◆ Problem requirements
Apart from the pictures, everything in the lines below must be printed exactly.

◆ Data below
------------------------------------------------

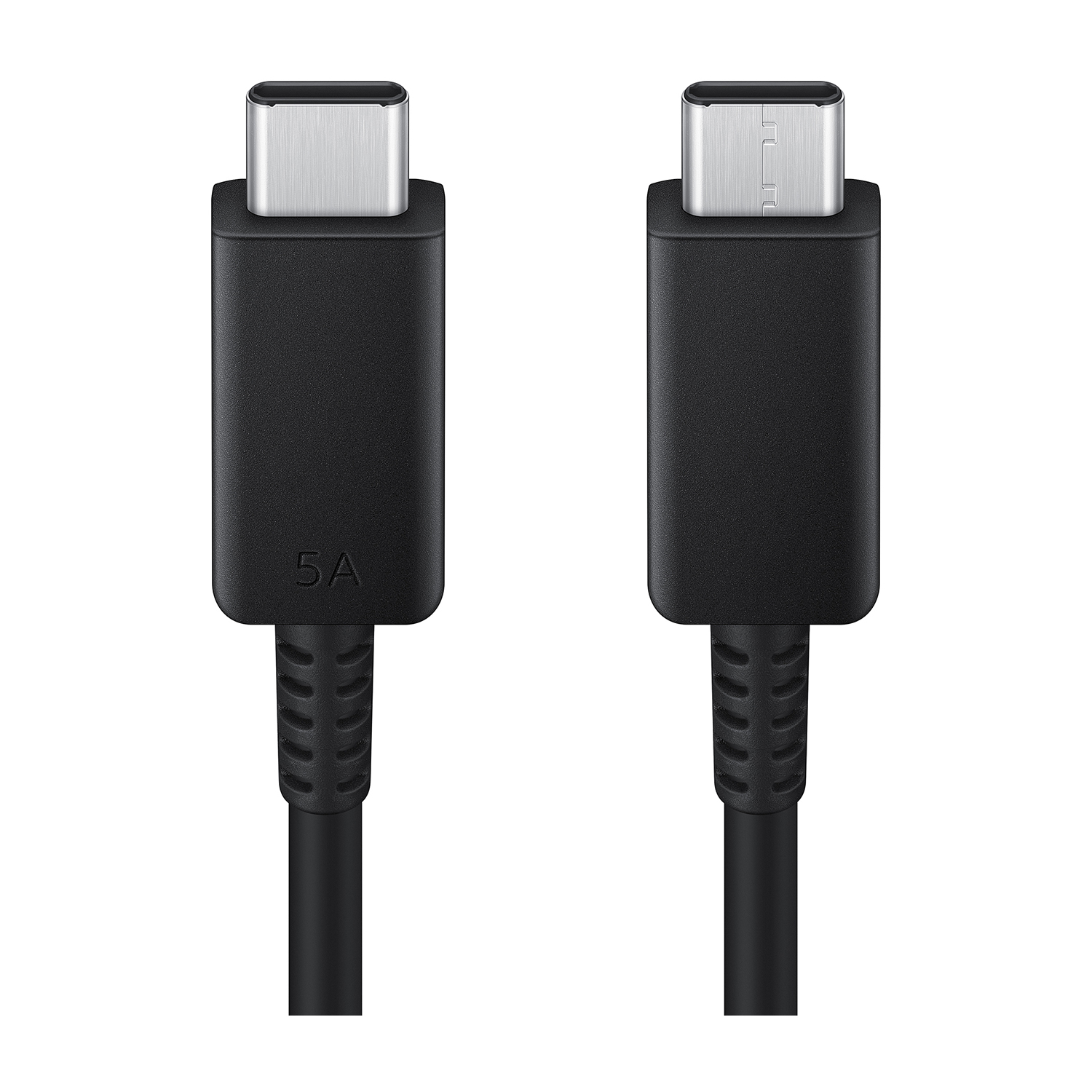 Due cavi USB-C neri, etichettati 5A. I cavi hanno un connettore a ciascuna estremità.
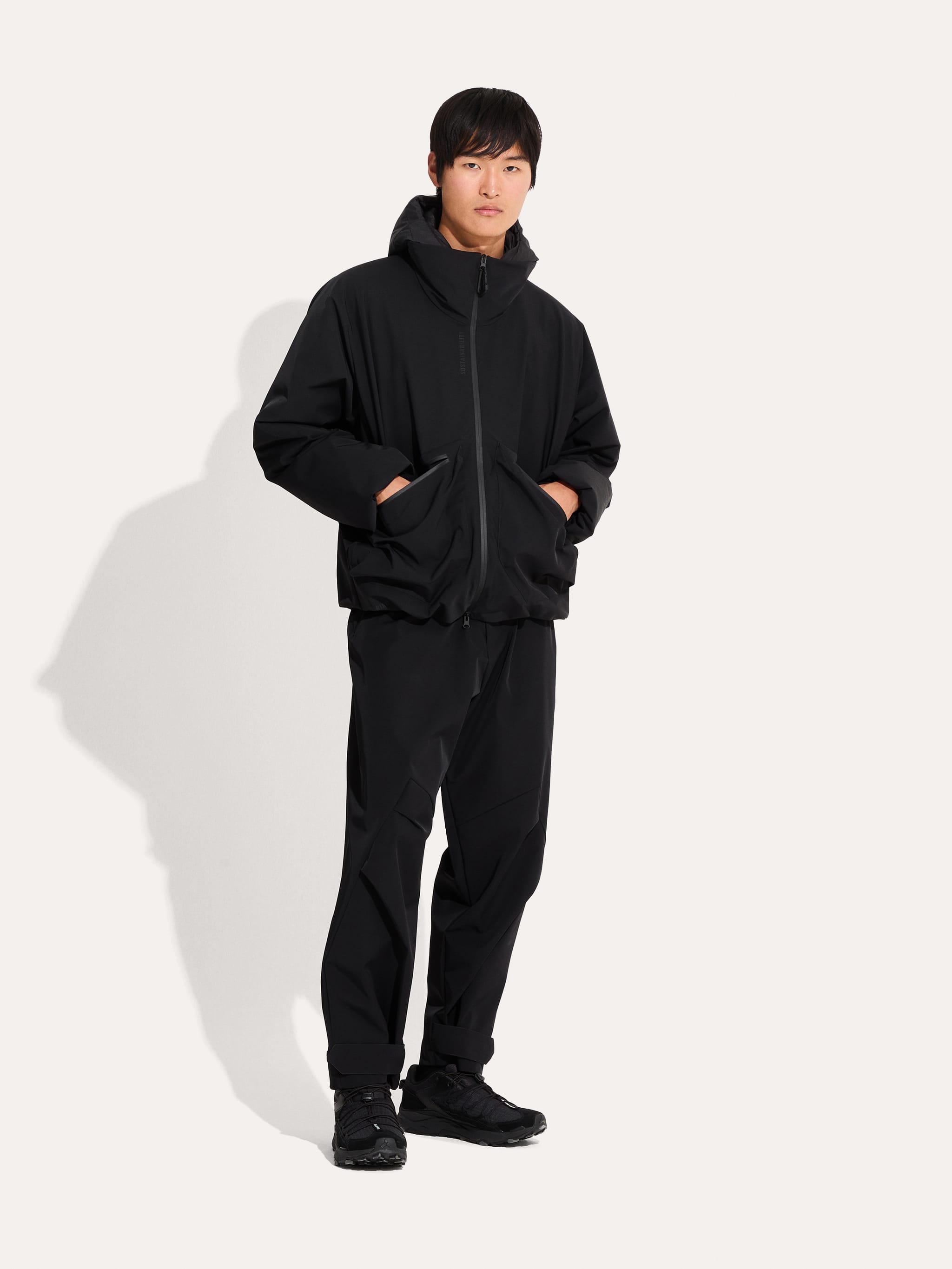 EP7369 BLACK 02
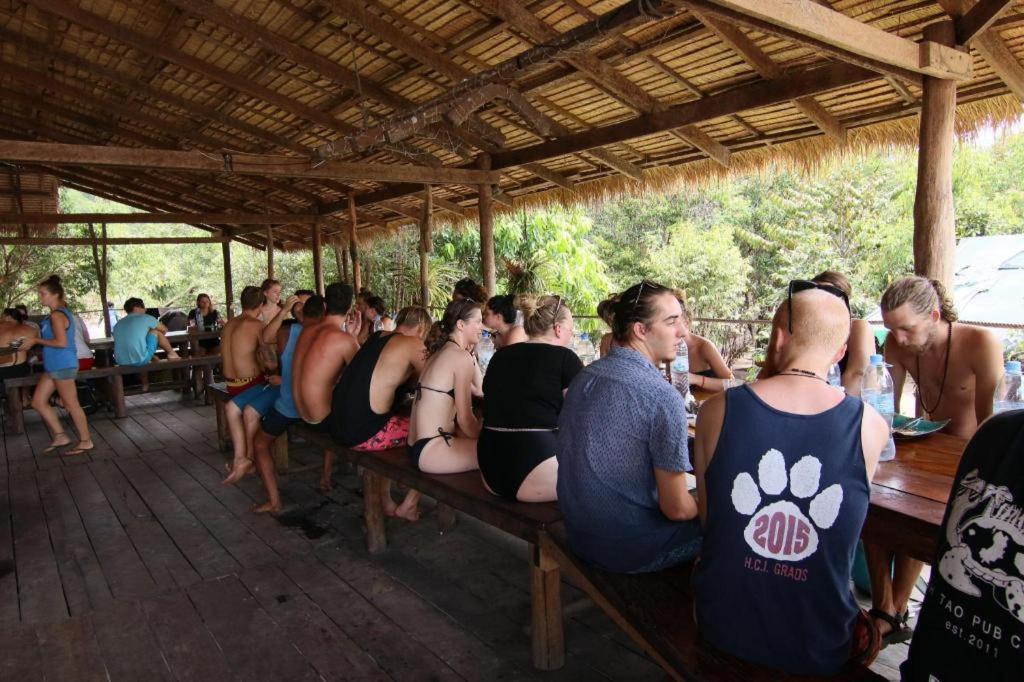 แมดมังกี้ เกาะรง ซัมเลิม Hostel เกาะรงสำลน ภายนอก รูปภาพ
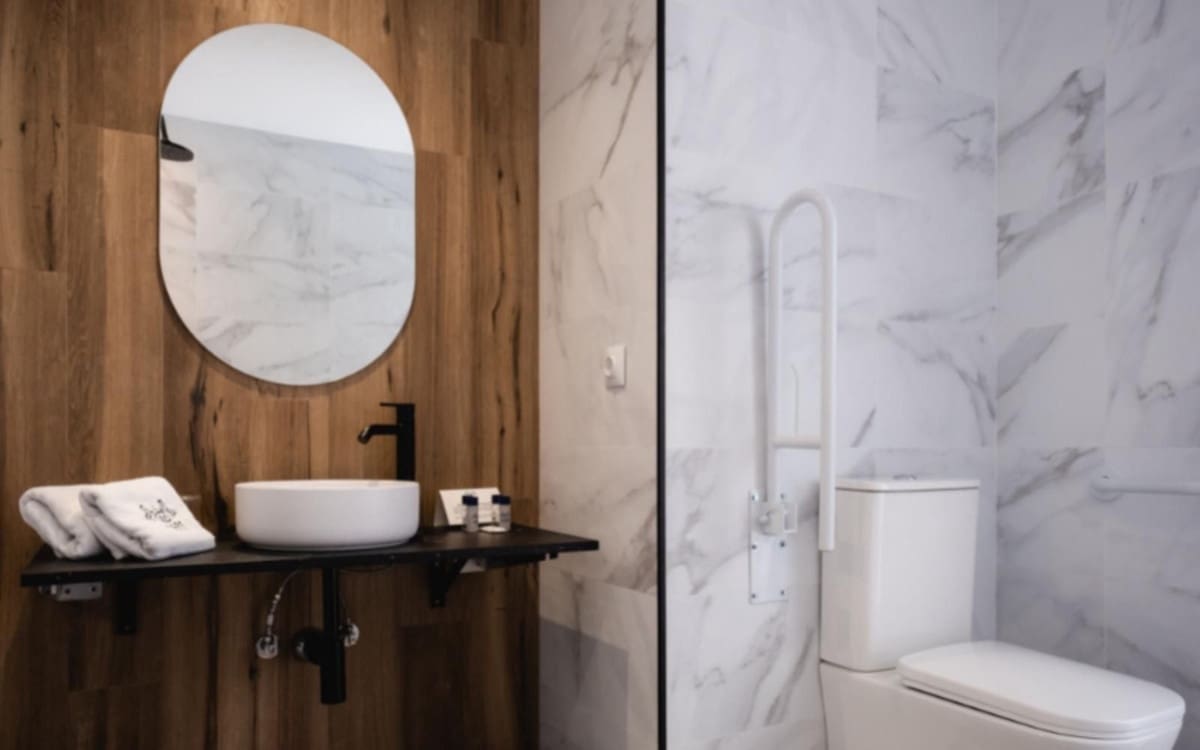 54 soveværelse Guesthouse/B & B til salg i Estepona - € 10.000.000 (Ref: 9038047)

------------------------------------------------

◆ Answer for this exercise
 Due cavi USB-C neri, etichettati 5A. I cavi hanno un connettore a ciascuna estremità.
 EP7369 BLACK 02
 แมดมังกี้ เกาะรง ซัมเลิม Hostel เกาะรงสำลน ภายนอก รูปภาพ
 54 soveværelse Guesthouse/B & B til salg i Estepona - € 10.000.000 (Ref: 9038047)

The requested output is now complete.